To that end, Mbf-fastq-processor is tested with more than 500 end-to-end, input-to-output tests, both during development and via continuous integration.
Reproducibility #
Repeated runs on the same bits (input data & configuration) must deliver the same output bits. Every time.
Anything else is a bug.
We allow ourselves one, perhaps useful, exception:
The reports (JSON and HTML ) by default leak information about the runtime environment, such as the exact input configuration, the names of the input files, the working directory and the version of mbf-fastq-processor used.
A lack of surprises #
mbf-fastq-processor does exactly what you define in it’s configuration TOML to your reads.
It does not trim, filter, or mangle them in any way without an explicit [[step]].
And every knob that is not absolutely obvious must be set explicitly in the configuration.
This makes getting started harder (but the user’s going to be copy/pasting configuration anyway), but prevents situations where an update changed a default and now your output is different and you have no idea where to start looking.
Friendliness #
Every error message should contain actionable advice where to look next.

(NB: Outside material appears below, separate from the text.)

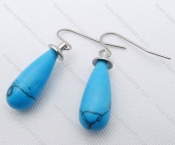 Stainless Steel Stone Earrings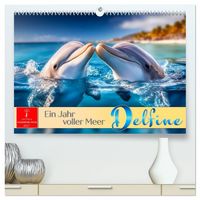 Produktbild: Delfine - ein Jahr voller Meer (hochwertiger Premium Wandkalender 2027 DIN A2 quer), Kunstdruck in Hochglanz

Every error message should contain as much information as necessary.
mbf-fastq-processor tests everything it can about your configuration before actually starting to read your data, and if an error is detected during run, it terminates swiftly. And the implementation can detect more than one configuration error at once.
We also clearly distinguish between unrecoverable-but-foreseen errors (invalid configurations, broken input files) and bugs - invalid conditions where mbf-fastq-processor’s internal contracts were broken.
The later still produce a ‘friendly panic’ message with instructions on how to get help.
Speed #
There’s two aspects to such a tool’s speed. One is a general ’less entropy used’ = ‘better for everyone’.
The other one is a usage issue: if your feedback loop time is high, you can not iterate ideas and configurations efficiently.
While we’re not continuously measuring performance, we have a benchmark framework in place and include performance benchmark results, so users have an idea what to expect.